- TASK STATEMENT: No line before the one holding "Imagen de la" is to be copied; that line and all after it, through the end of the listing, are returned exactly, minus pictures.

- DATA SHOWN:
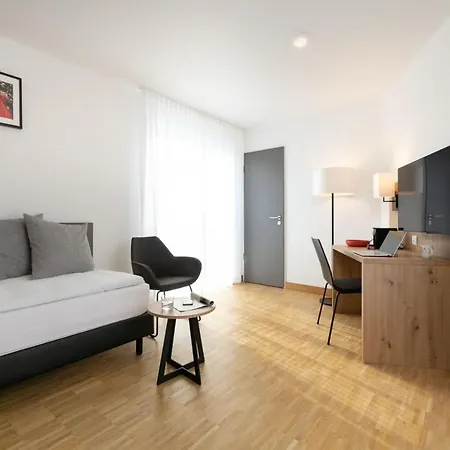 Brera Serviced Aparthotel *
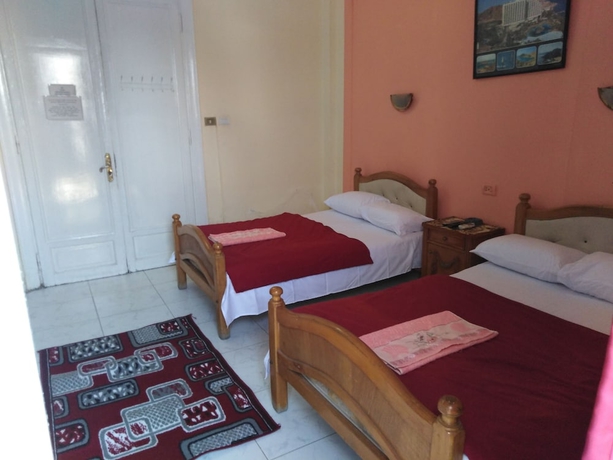 Imagen de la habitación del Hostel New Palace Hotel. Foto 7
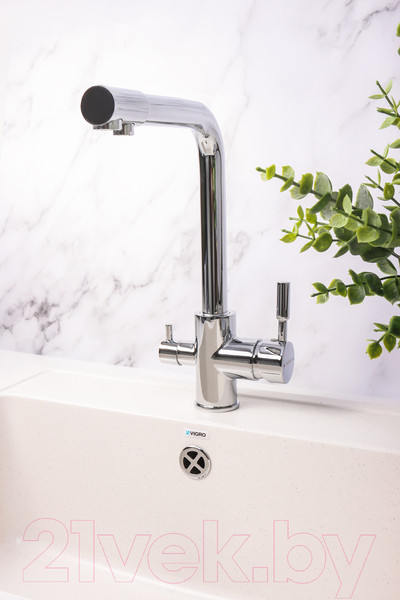 Изображение товара Смеситель Ekko EM4352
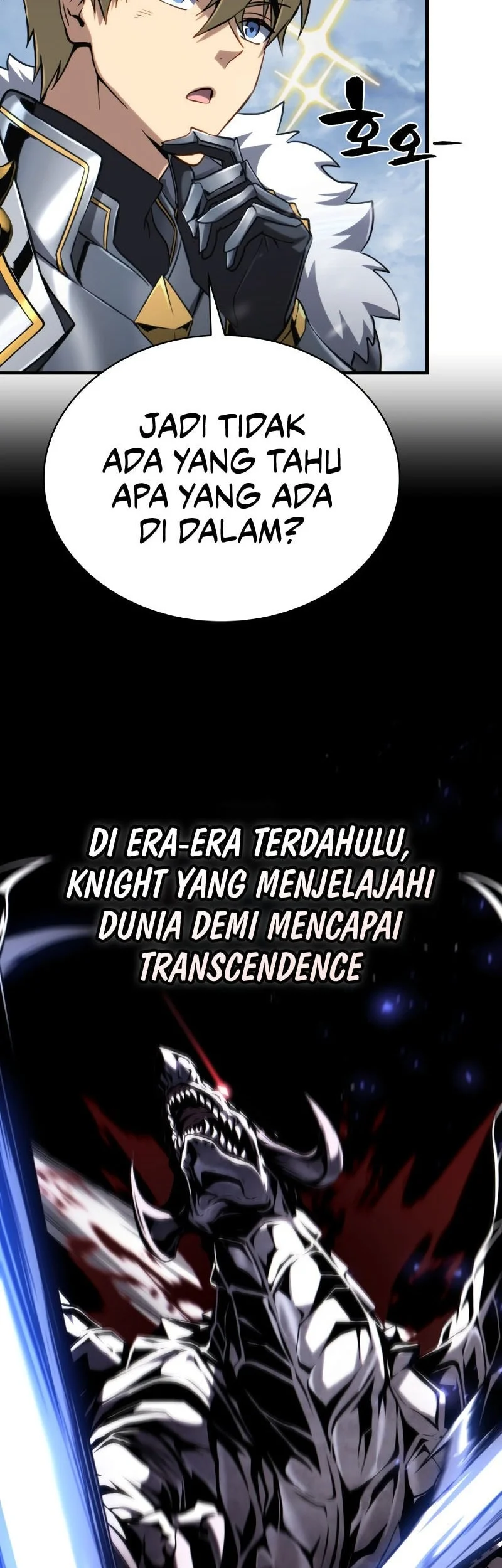 I Became the First Prince: Legend of Sword's Song Chapter 27 - halaman 27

- COMPLETED EXERCISE:
 Imagen de la habitación del Hostel New Palace Hotel. Foto 7
 Изображение товара Смеситель Ekko EM4352
 I Became the First Prince: Legend of Sword's Song Chapter 27 - halaman 27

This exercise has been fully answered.